THÉÂTRE D'OMBRES ET DE SILHOUETTES

SCÈNE  X
 
JEAN  (seul)

 
     (Musique. On voit aussitôt à gauche un ours montrer le bout de son nez. Il s'avance avec précaution, regarde derrière lui, traverse la scène, regarde à droite si personne ne vient... Puis il revient au milieu, et là, soudain, rabat sa tête d'ours, à la place de laquelle on voit celle de Jean).
 
JEAN. - Ouf ! ce qu'on a chaud, là-dedans !... c'est une idée de Fleur d'Iris, cette peau d'ours ! Elle est charmante, cette petite Chinoise, charmante, charmante... une vraie Parisienne... en jaune ; mais c'est une couleur qui lui va si bien !... Il paraît que le mandarin a perdu un ours, la nuit dernière... La peau dudit ours était déjà prête à être tannée pour une descente de lit... "Mettez-vous là-dedans, me dit la petite... Je viens d'apprendre qu'une ménagerie devait passer par cette porte pour entrer dans Pékin, il vous sera facile de vous mêler à la troupe, et de sortir d'ici..." Je trouve l'invention superbe... Et me voilà... Il paraît que la ménagerie est justement arrivée ; seulement, je ne voudrais cependant pas faire connaissance de trop près avec certains pensionnaires... Les chiens et le cochon, ça m'est égal... mais le lion... Oh ! du bruit !... Soyons prudent, remettons notre tête... ma foi, on se croitrait au bal de l'Opéra !

 
SCÈNE  XI

JEAN, puis FRÉDÉRIC

 
     (Entre à droite, avec de grandes précautions, un ours qui regarde derrière lui, puis descend en scène).
 
JEAN. - Diable : Un confrère - celui de la ménagerie, sans doute !... On voit tout de suite qu'il est vrai, celui-là... Tenons-nous bien !... (L'ours s'arrête en voyant Jean).  Hum ! Il s'arrête...

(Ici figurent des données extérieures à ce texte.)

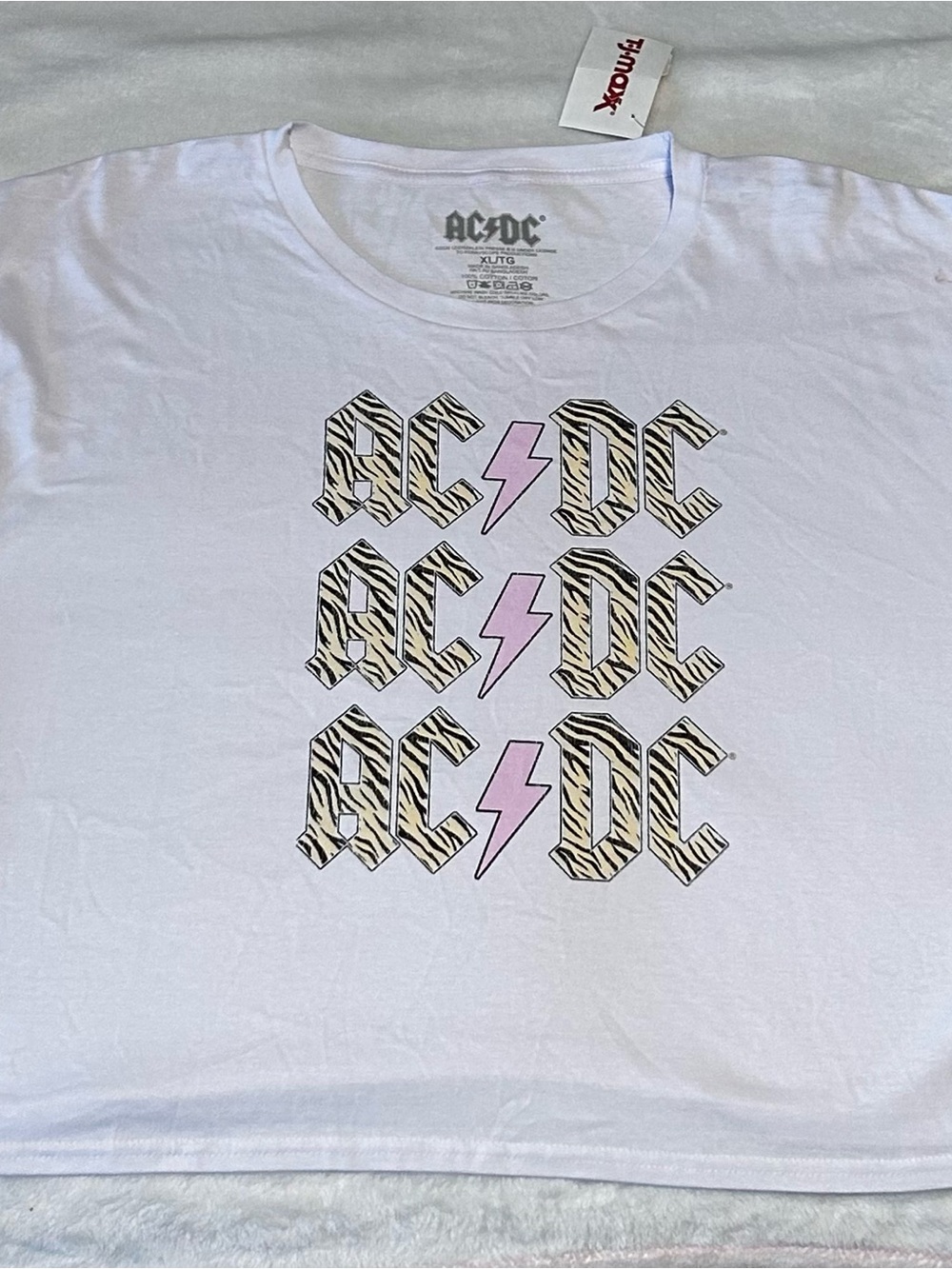 AC/DC Kids White Tee with Pink Lightning and Zebra Logo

     (Mais l'ours refait un pas... Il s'arrête de nouveau... Enfin, comme décidé à franchir tout obstacle, il s'approche de Jean sans plus d'hésitation. Jean recule, mais arrivé à l'extrémité de gauche, il crie tout à coup, perdant la tête :)

 
JEAN. - N'approchez pas, ou je vous mords !...

     (L'ours stupéfait se retourne et regagne vivement la droite. Là, il se retourne de nouveau et s'écrie :)

 
L'OURS. - Un ours qui parle !...
 
JEAN, ahuri. - Deux ours qui parlent !...
 
L'OURS. - Mais je connais la voix de cet ours-là... Nous nous sommes sûrement rencontrés quelque part... au pôle nord... probablement...
 
JEAN. - Voici certes un accent que je connais !...

     (Ils s'approchent prudemment l'un de l'autre).


JEAN et L'OURS, en même temps. - Pardon, monsieur l'ours. (Ils se décoiffent en même temps, et à la place du deuxième ours se montre la  tête de Frédéric). Grand dieu ! Frédéric ! Jean !
     (Ils se donnent l'accolade).

 
FRÉDÉRIC. - Ça, par exemple, c'est extraordinaire... Raconte-moi...

JEAN. - Oh ! pour moi, c'est bien simple... Le mandarin a perdu un ours... et je cherchais à m'évader sous la défroque de cet ours ; mais toi...

FRÉDÉRIC. - Moi, c'est aussi simple... Quand tu as été fait prisonnier, je me suis dit : "Ça ne se passera pas comme ça... Jean est prisonnier, devrais-je prendre Pékin à moi tout seul, je le délivrerai !..."

JEAN. - Brave ami !

FRÉDÉRIC. - Mais il fallait trouver le moyen de prendre Pékin... ou tout au moins d'y pénétrer pour te retrouver... Or, depuis deux jours, nous avions rencontré dans un état lamentable et complètement ruiné par la guerre, un brave homme d'Italien, directeur de cirque, qui faisait le tour de Chine, et qui vivait dans la montagne depuis un mois avec la peur atroce d'être massacré par les Boxers... Je fais part de mon projet au signor Pancracio... qui me répond : "J'ai peut-être votre affaire !...Nous risquons tous d'y laisser notre peau, mais on peut toujours essayer... Les Chinois aiment beaucoup les acrobates... Il me reste quelques peaux de mes pauvres animaux morts et quelques costumes que vos camarades les plus adroits revêtiront... Nous allons reconstituer mon cirque et aller donner des représentations au Palais d'Eté !..." Parfait, ça me va !... J'endosse une peau d'ours. Nous partons... Et nous voilà !...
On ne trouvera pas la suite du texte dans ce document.